Il faut attendre que Jesse Plemons, en agent fédéral, sonne à la porte du pleutre, joué par DiCaprio, pour qu'un bon rythme se lance enfin, avec des enquêtes et des scènes judiciaires, que l'on resserre les points de vue. D'ailleurs, sur ce coup, un peu trop, je vais y revenir. Au passage, il y a deux petites séquences avec Brendan Fraser... oui, seulement deux, toutefois, au cours desquelles, non seulement, il fait l'entrée la plus tonitruante qui soit, mais, en plus, montre bien qu'il sait en imposer en peu de temps.
Oui, à propos du resserrage des points de vue, le tout se recentre nettement sur les caractères interprétés par De Niro et DiCaprio, mais néglige un peu trop celui de Gladstone (déjà bien occulté lors de la deuxième heure, pour être plus honnête et précis !). Et c'est dommage. Déjà parce que, comme je l'ai mentionné auparavant, la comédienne est talentueuse, elle est charismatique. Et elle en a suffisamment pour tenir la dragée haute à ses deux très prestigieux partenaires.
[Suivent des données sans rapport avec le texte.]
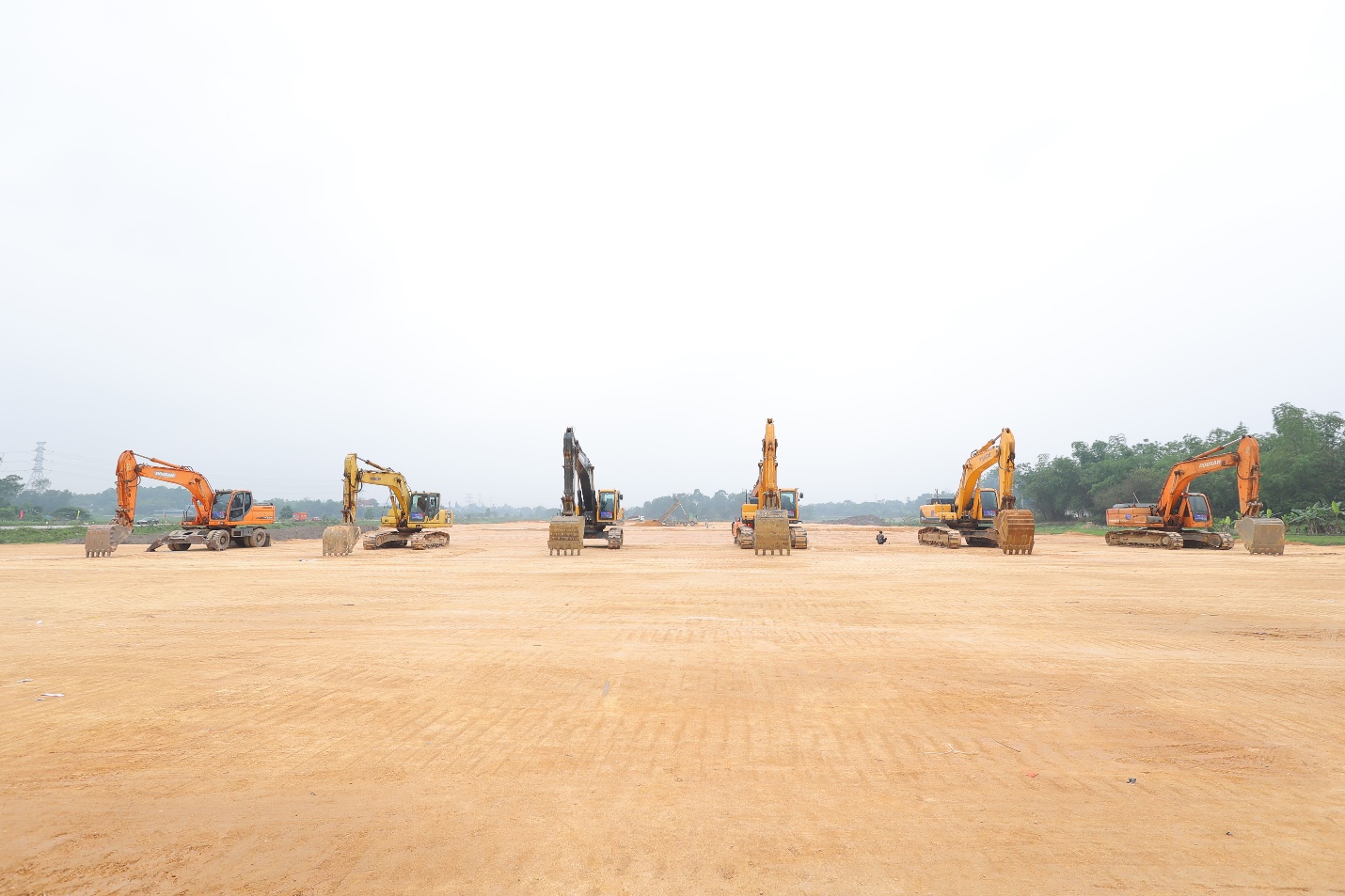 C&ocirc;ng tr&igrave;nh đ&atilde; sẵn s&agrave;ng đi v&agrave;o khởi c&ocirc;ng x&acirc;y dựng. Ảnh: Sơn H&agrave;.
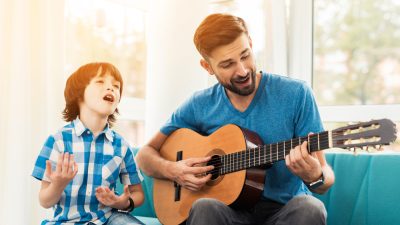 Родителям необходимо поощрять усилия, которые могут быть трудными, но значимыми в будущем. Фото: VGstockstudio/Shutterstock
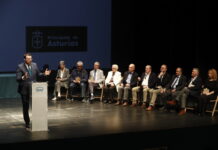 Barbón elogia el papel de la FACC, “una institución ejemplar donde habita el consenso, pese a los tiempos de trinchera que vivimos”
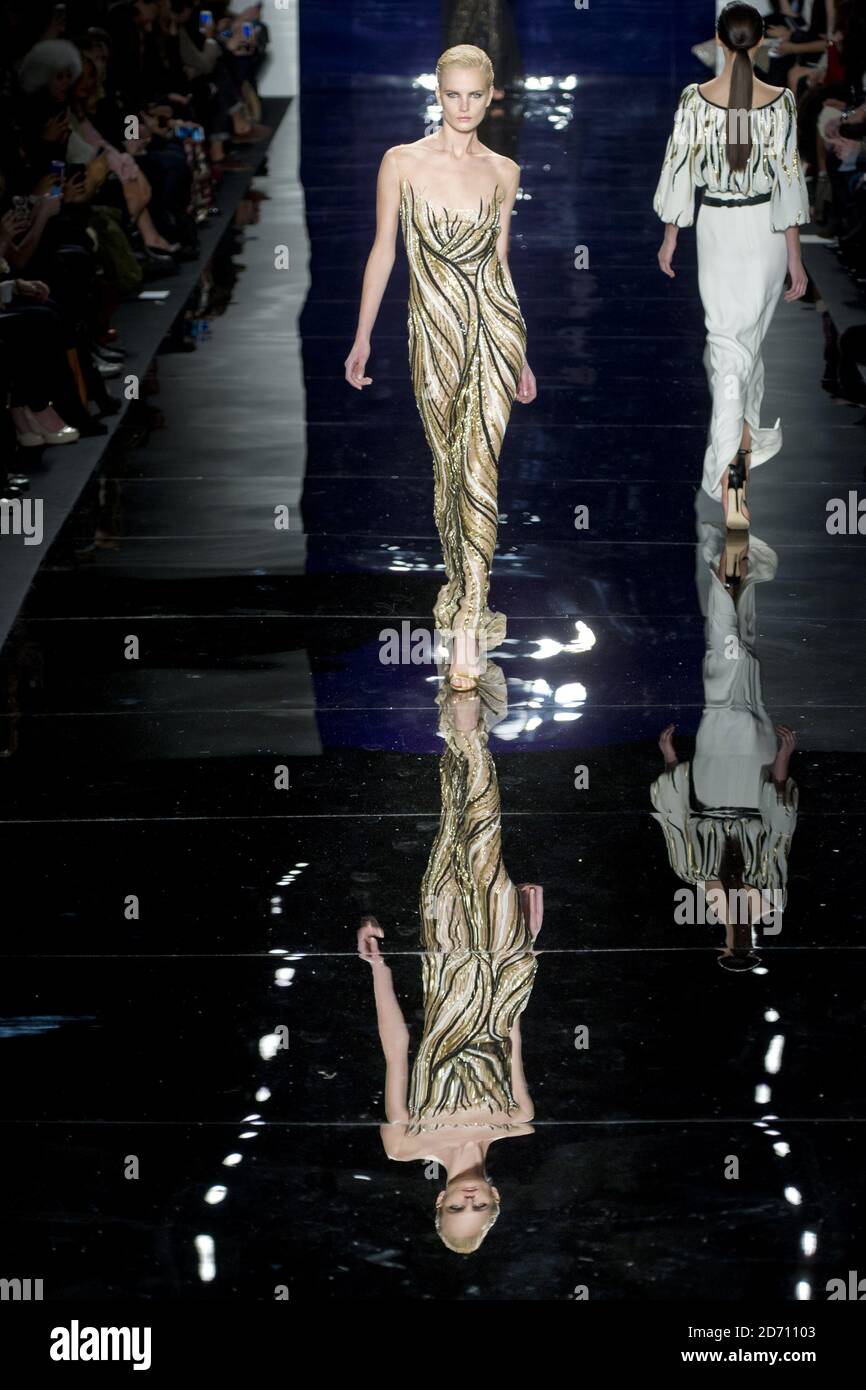 Ein Model auf dem Laufsteg während der Reem Acra Modenschau, die im Lincoln Center in New York während der Mercedes Benz New York Fashion Week F/W 2014 stattfand. Stockfoto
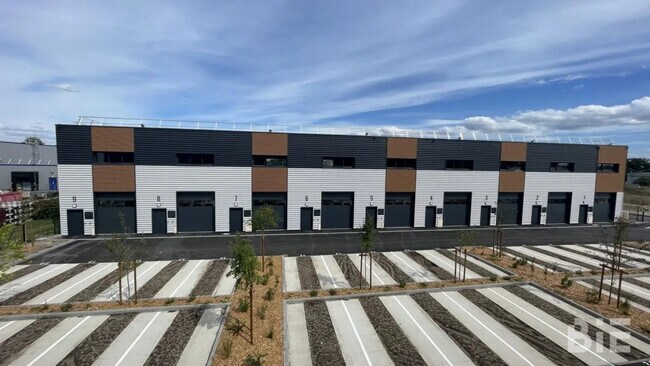 Plus de détails pour Local d'activités à louer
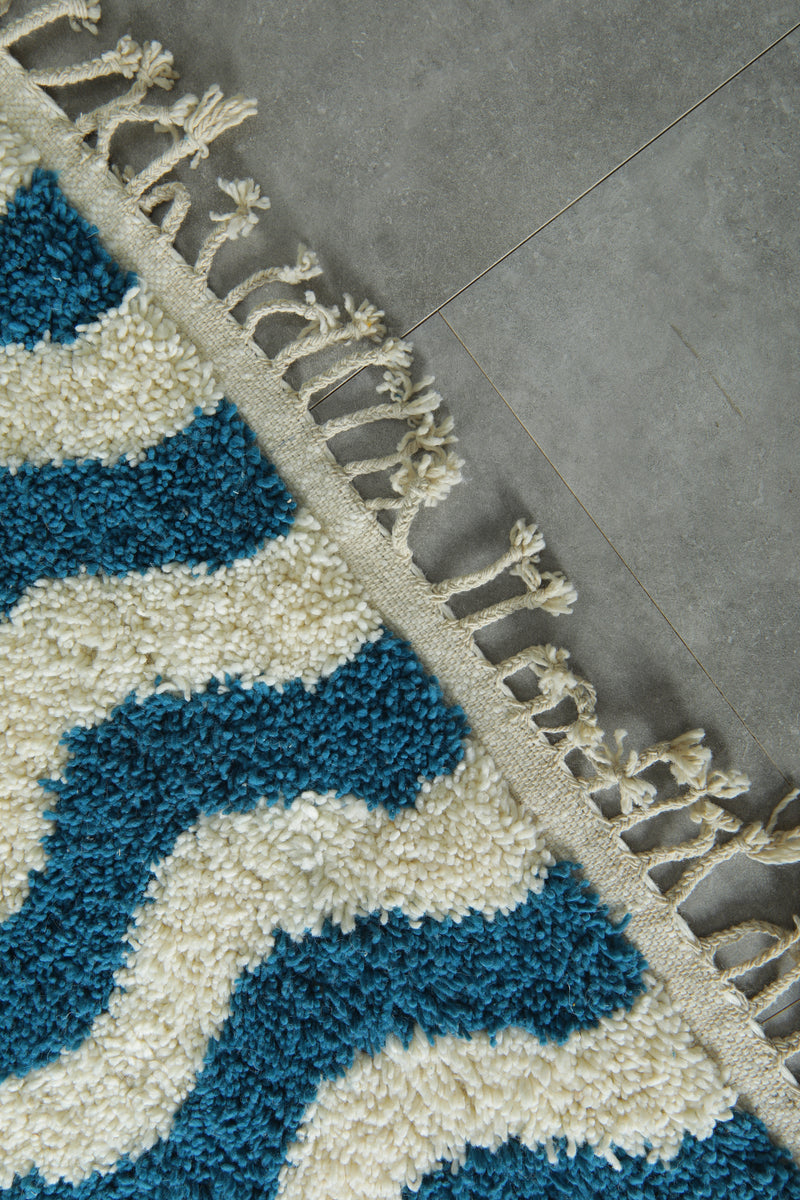 Custom Wave Pattern Rug – Handwoven Blue-Turquoise & White Moroccan Carpet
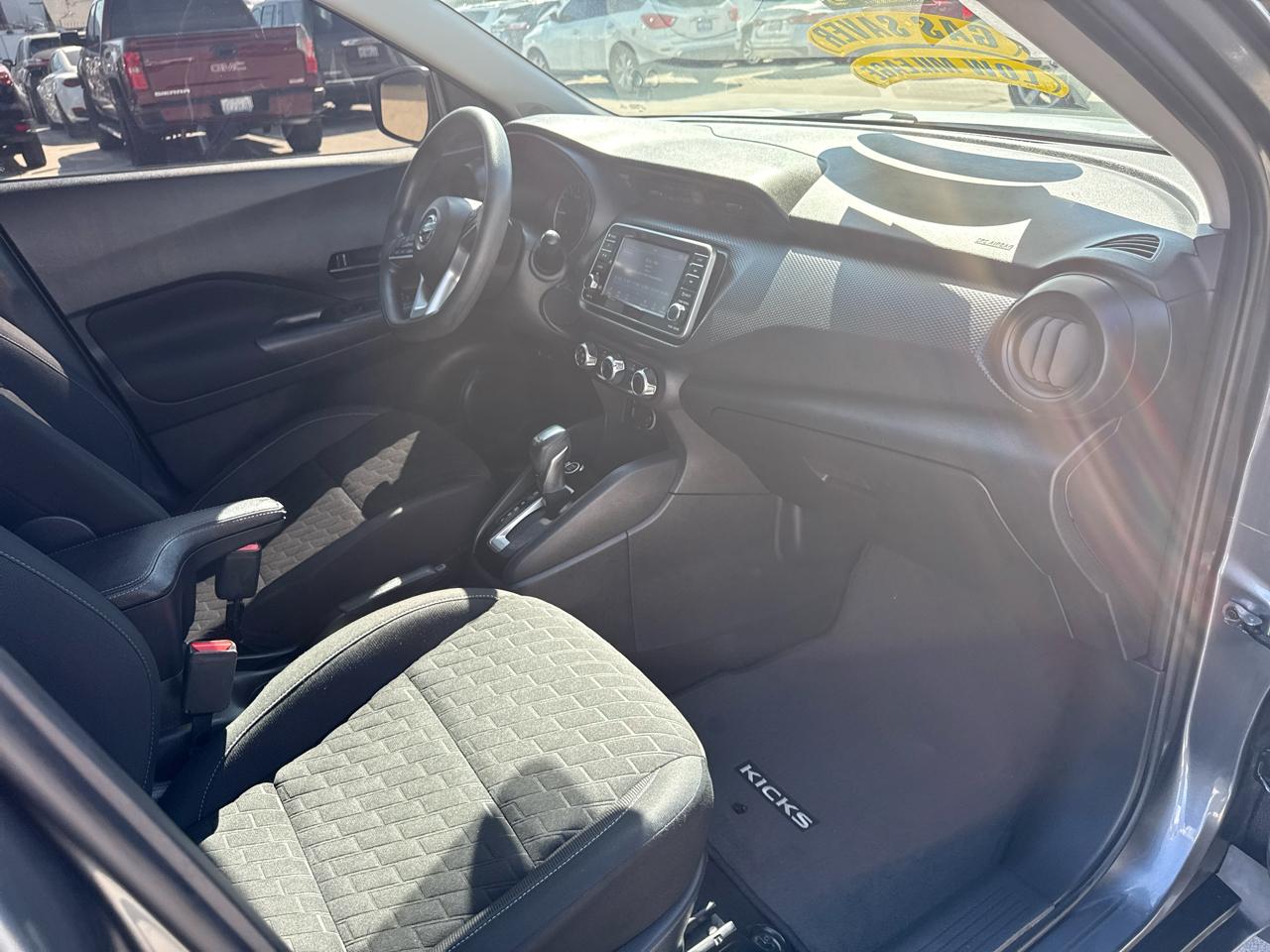 Nissan Kicks S FWD 2021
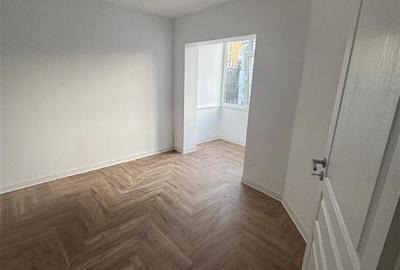 Apartament cu 3 camere decomandat în Nicolina - 1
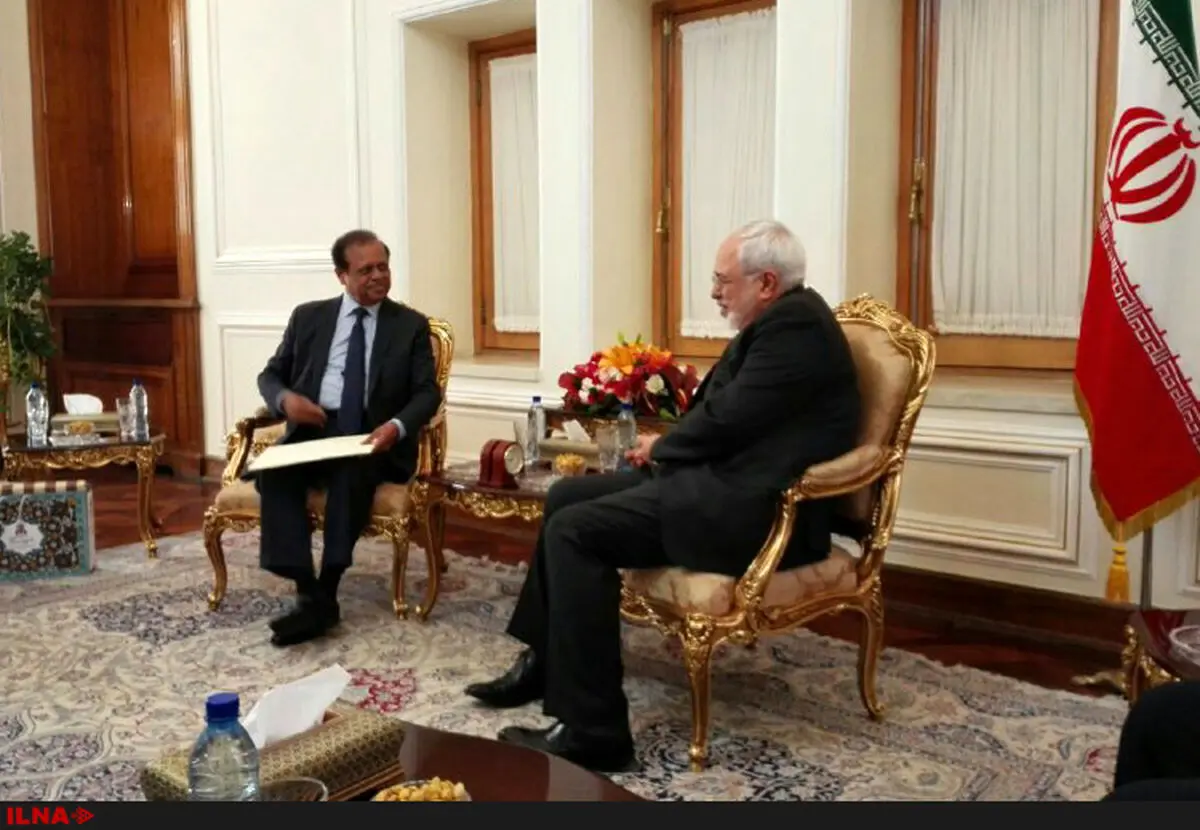 ظریف با وزیر اقتصاد سریلانکا دیدار کرد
Mais aussi, parce qu'il aurait été aussi bien de creuser le déni de son personnage (oui, lui aussi en a un !) par rapport à ce qu'est son indigne mari, qu'elle ne peut s'empêcher d'aimer, de voir beaucoup plus souvent comment elle réagit en ce qui concerne tout cela. Parce que, aussi, c'est le seul rayon de lumière dans un monde dans lequel règnent les ténèbres. C'est le cœur (dans tous les sens du terme !) du film. Ce que met, en plus, en avant la conclusion (racontant d'une façon originale, que je vous laisse découvrir, le destin des protagonistes après que l'action du film s'arrête... oui, c'est un biopic, j'ai oublié de le mentionner… !) lors de laquelle on peut voir Martin Scorsese lui-même. Pour résumer, je pense que ce personnage et l'excellente comédienne qui le joue sont regrettablement sous-employés.
Autrement, il y a encore quelques belles fulgurances techniques. Des plans-séquences soigneusement composés, de longs mouvements de caméra fluides. S'ils sont beaucoup plus rares que lors des grandes heures scorsesiennes, à 80 piges, le réalisateur prouve qu'il en a encore un peu à revendre.